**EXERCISE AIM**
Skip the pictures, please, and write out exactly every line from the one containing "HOLIDAY LAKES WEST - Residential" through the end of the listing below.

**DATA PROVIDED**
-------
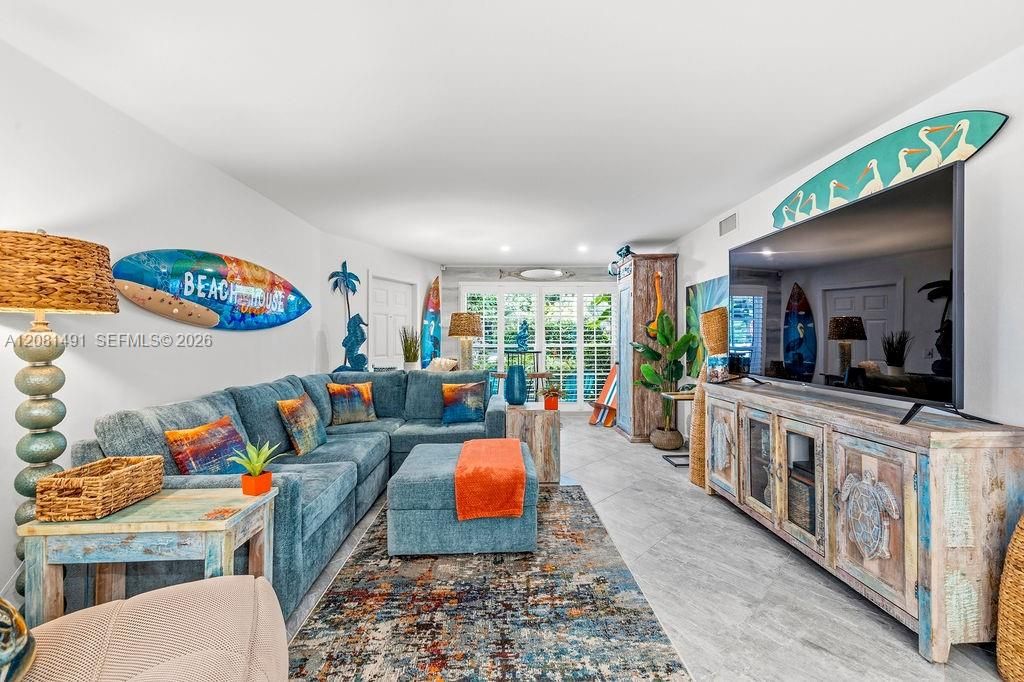 For Sale: $350,000 (2 beds, 2 baths, 1130 Square Feet)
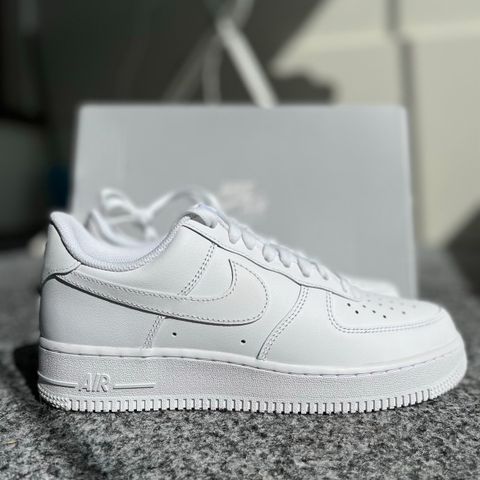 (Ubrukt) Nike Airforce 1 Low (Hvit)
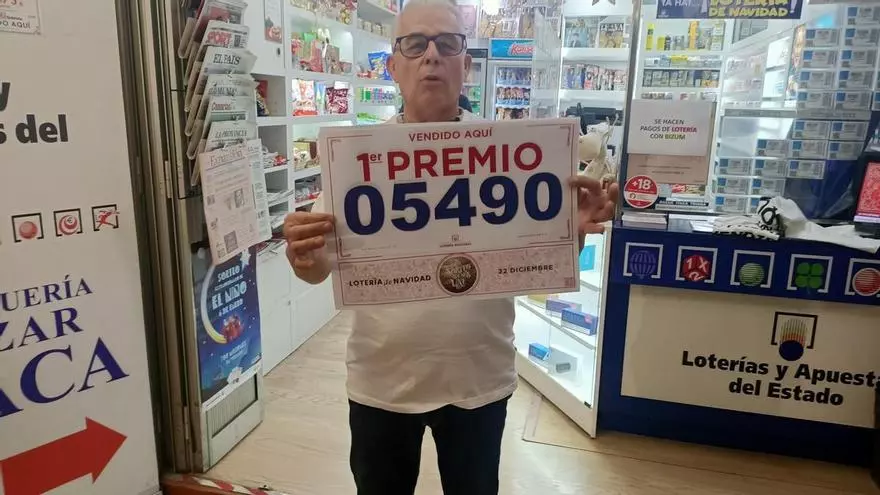 Dos administraciones de Rafael Cabrera reparten el Gordo de la Lotería de Navidad 2022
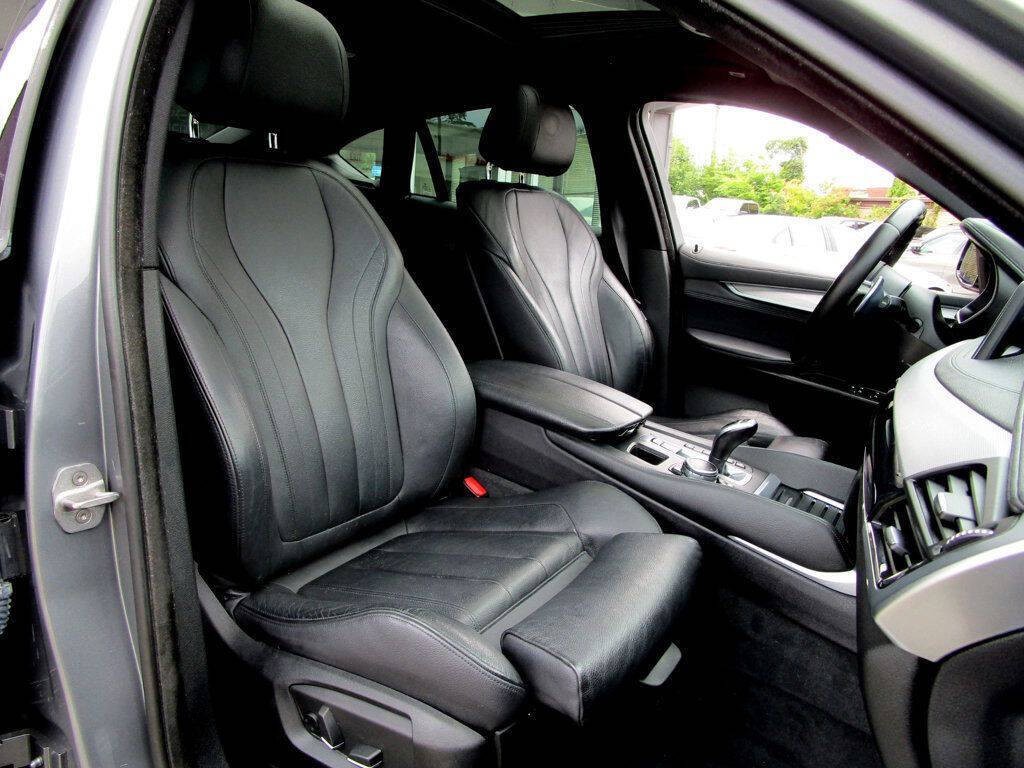 2015 BMW X6 Image 16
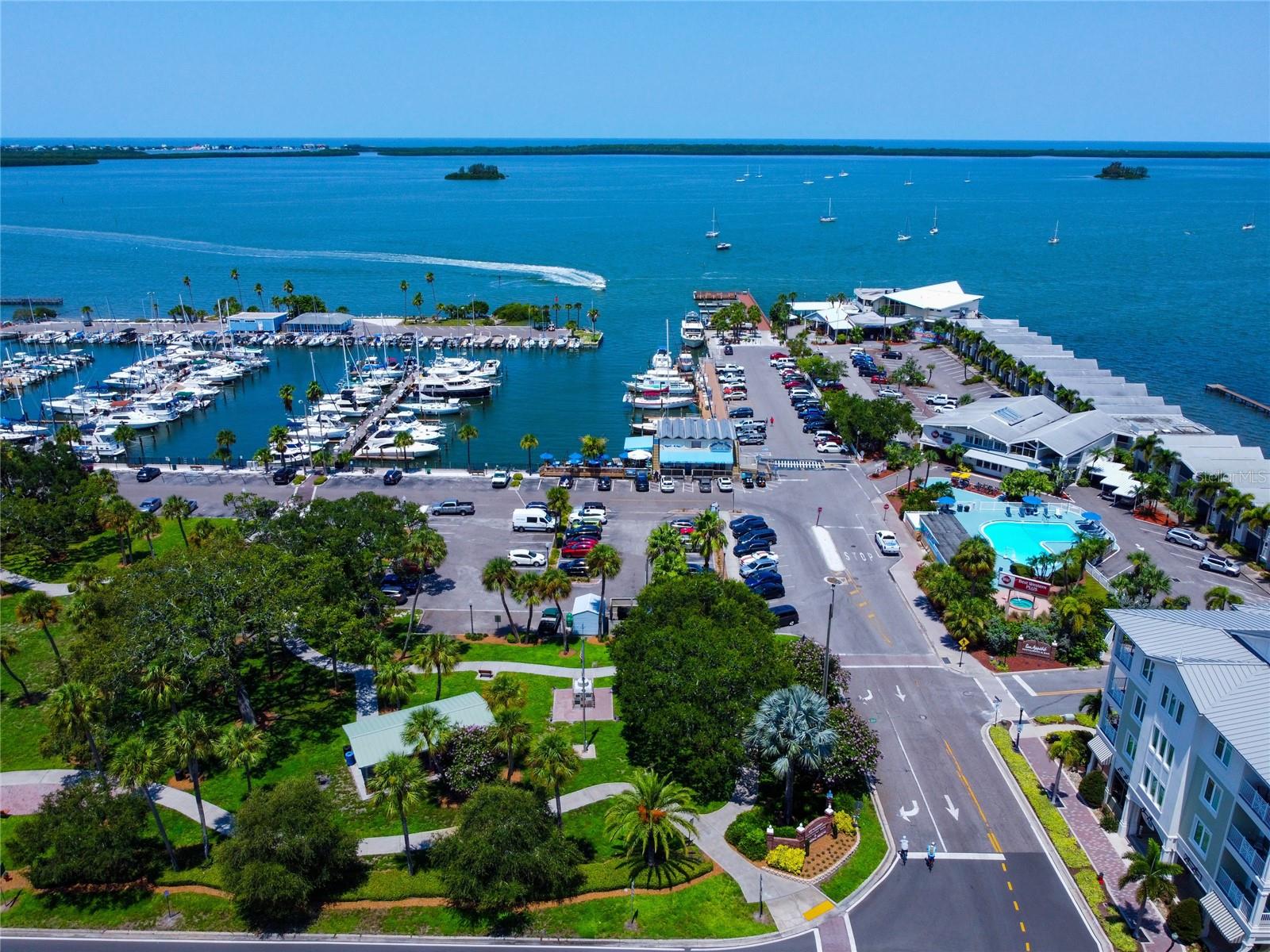 HOLIDAY LAKES WEST - Residential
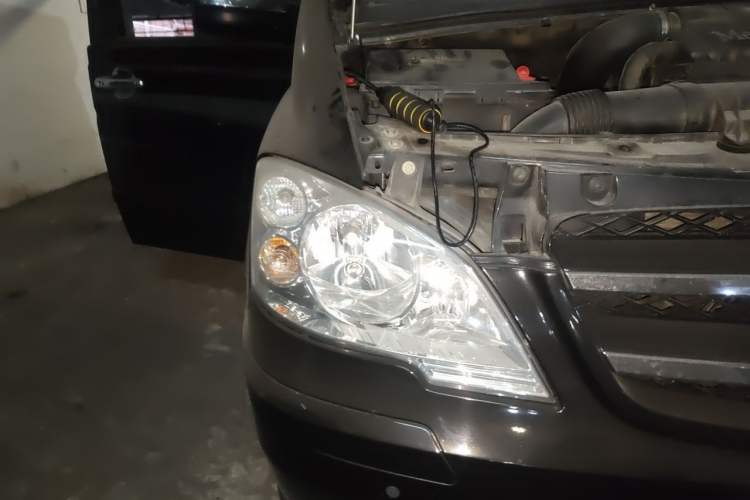 Used Mercedes-Benz Vito 2011 2.5L 7-seater executive version Right Front Headlight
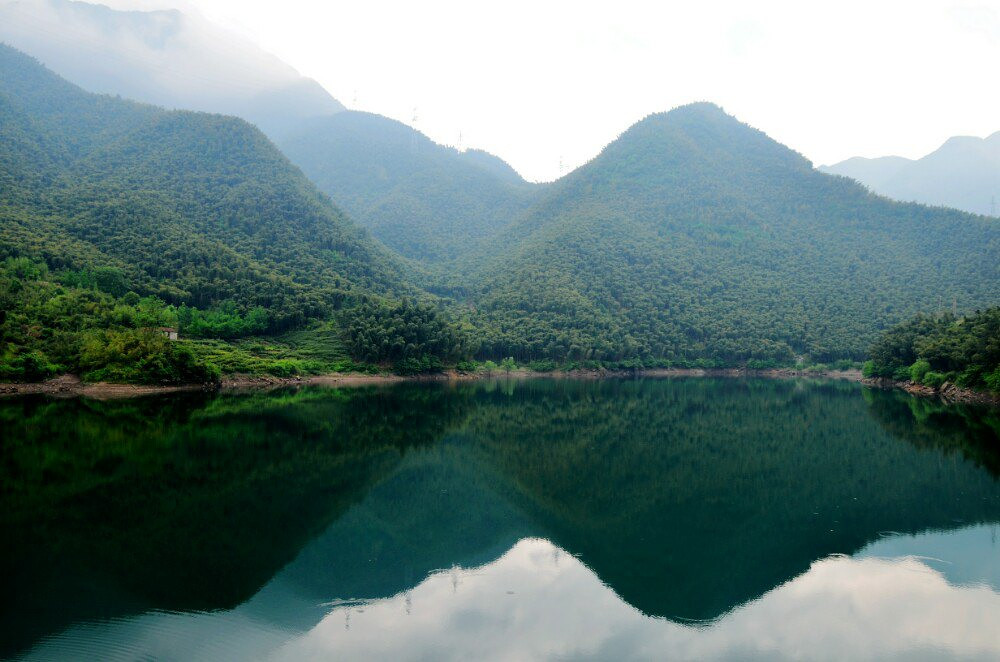 【约伴自驾】中秋杭州安吉赋石水库露营烧烤赏嫦娥吃月饼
-------
**YOUR SOLUTION**
 HOLIDAY LAKES WEST - Residential
 Used Mercedes-Benz Vito 2011 2.5L 7-seater executive version Right Front Headlight
 【约伴自驾】中秋杭州安吉赋石水库露营烧烤赏嫦娥吃月饼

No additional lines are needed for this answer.